The first thing we do when we wake up is to find some food. We find a small restaurant down the street with decent prices, and each order a plate of “seafood noodles”. The plate comes full of vegetables, squid, and shrimp, which are cooked to perfection. It hits the spot.
We spend the rest of the afternoon lazing around on the beach. We are the only people all afternoon, besides Claudio, the Italian pasta cook who made us dinner last night. He comes to join us mid-way through the day. We’re craving more fresh fruit but pretty far away from anywhere we can do some shopping, so Claudio offers to drive us down to the market on his motorbike. He was going to pick up some more fish anyway. Awesome!
He can only fit two of us on the bike, so Tamara decides to stay back and trusts me to pick up a good selection of fruit and veg. We’ve got a pretty regular order now; mangoes, bananas, pineapple, carrots and cucumbers.
Getting on Claudio’s motorcycle feels less than stable. It’s old, and every bump in the road makes me wonder if a piece of the bike might just go flying off. We make it into town alive but I hang on for dear life. We buy a whole lot of different fruit, including some stuff I’ve never tried before, and Claudio picks out a big red fish. Neither of us know what kind it is, though. We stuff all the fruit in my backpack, including an entire watermelon, and tie the bagged fish to the back of the motorbike to drive home.
When I get back, Tamara and I enjoy a delicious mango and try the mystery fruit. It’s red and shaped a bit like a bell pepper, but much smaller. It tastes like an Asian pear and is quite refreshing. I still don’t know it’s official name.
For the sunset, we walk back down to the beach. I make sure to bring my camera this time. Devon, a fellow Canadian, joins us as we climb up the rocks for the fabulous sunset and we all chat away, exchanging travel stories. He’s been traveling for almost a year so far, and doesn’t plan to be back in Canada for at least another two. I always envy these people who just leave everything behind to go wherever and do whatever they want for such incredibly long amounts of time. It’s so cool, and I think a lot harder than it sounds. Living in hostels for three years wouldn’t be a walk in the park, but the things you would do and see in those three years would make it all worth it I’m sure.
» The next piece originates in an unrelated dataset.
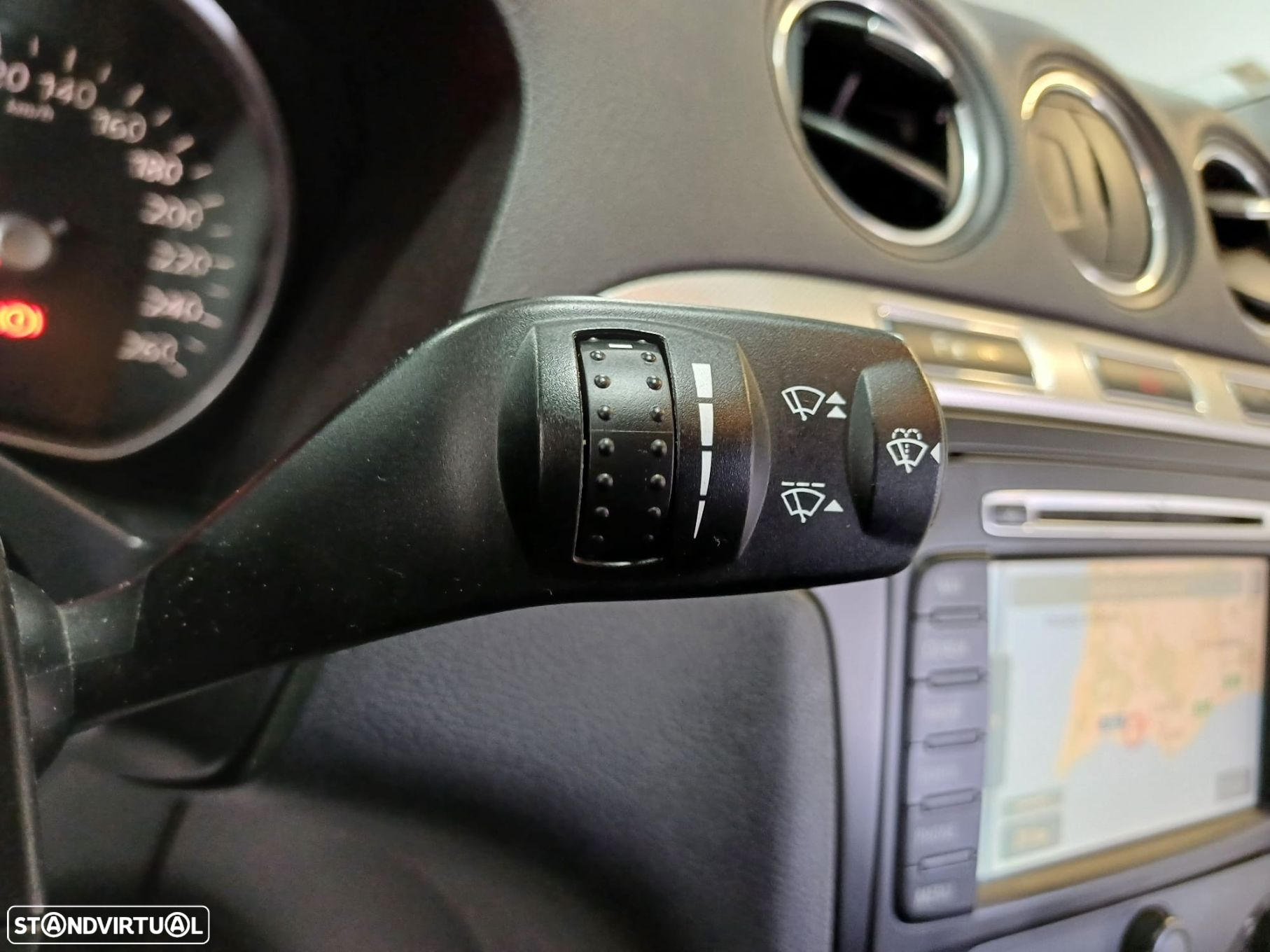 Ford S-Max - 18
After the sunset we’re all hungry, so Devon drives us into town on his motorcycle, which is much sturdier than Claudio’s. All three of us squeeze on and drive ten minutes into the centre where we find a place called “SwissFoodViet” who’s sign boasts to have the “Best Burgers in Town!”.
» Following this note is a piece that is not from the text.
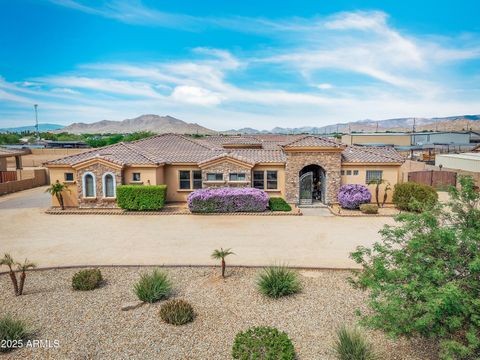 810 W HIDDEN VALLEY Drive Phoenix AZ 85086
I don’t know when burgers became a Swiss dish, but we all want to indulge in a big juicy burger anyway. It just happens sometimes. We all get a burger with Swiss cheese, which I guess kinda makes them a Swiss restaurant? They taste incredible. So far the food in Phu Quoc has been amazing, but I make note that I should be eating more seafood and less burgers because I’m only on this island for another couple days.
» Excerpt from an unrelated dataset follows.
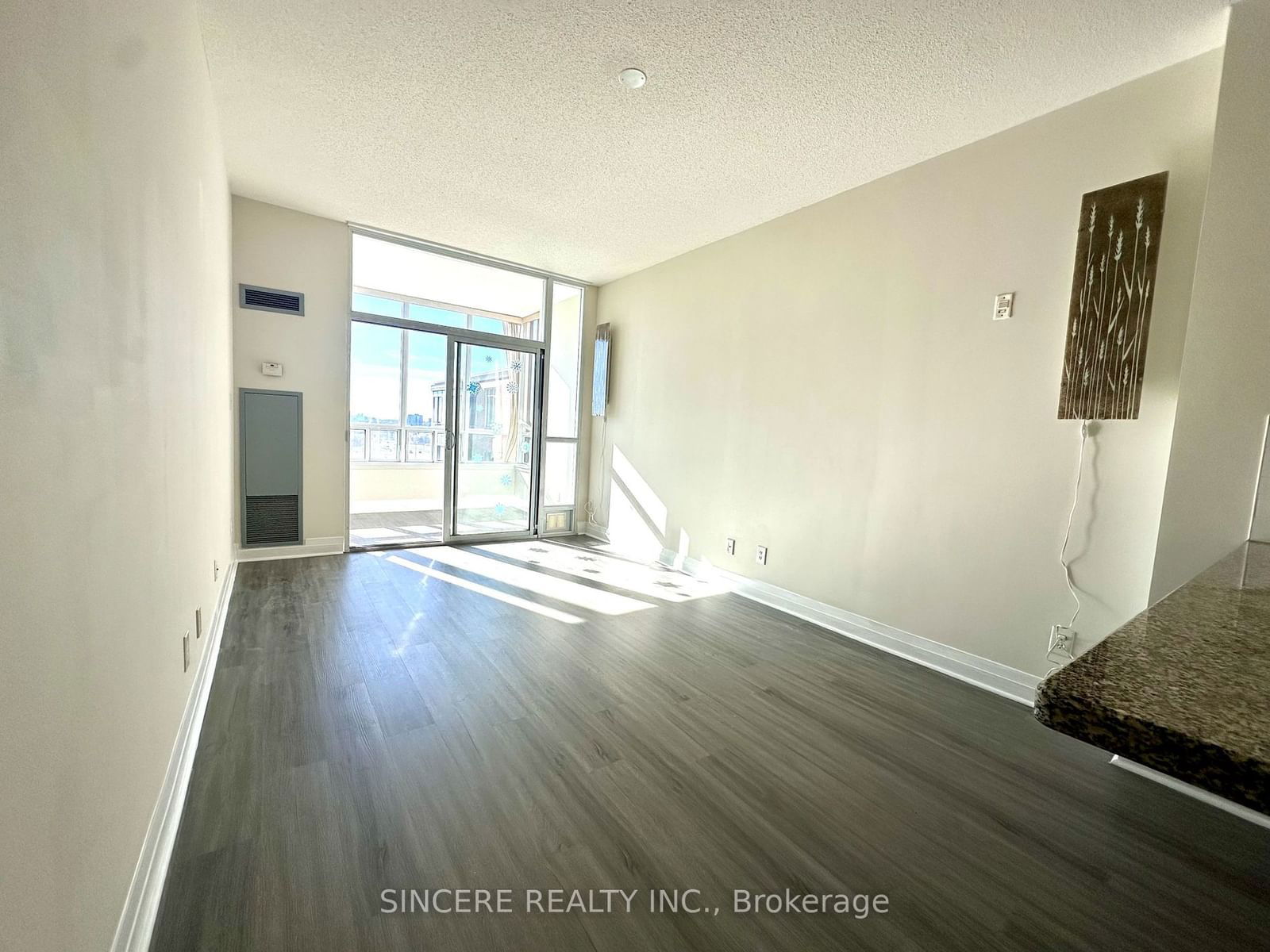 7373 Kennedy Rd, unit PH02 for rent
We stop for an ice cream on the way home, and have a relatively early night. Tomorrow, a group of people in the hostel are leaving, and Tam and I plan to do some trekking or motorbiking around to explore the island. There is a huge spider in our room and Tamara bravely murders it with a water bottle, which I highly appreciate.
Okay, so that’s not the spider from our room…but it was in the bathroom which still counts. Our room spider was much smaller, but still creepy.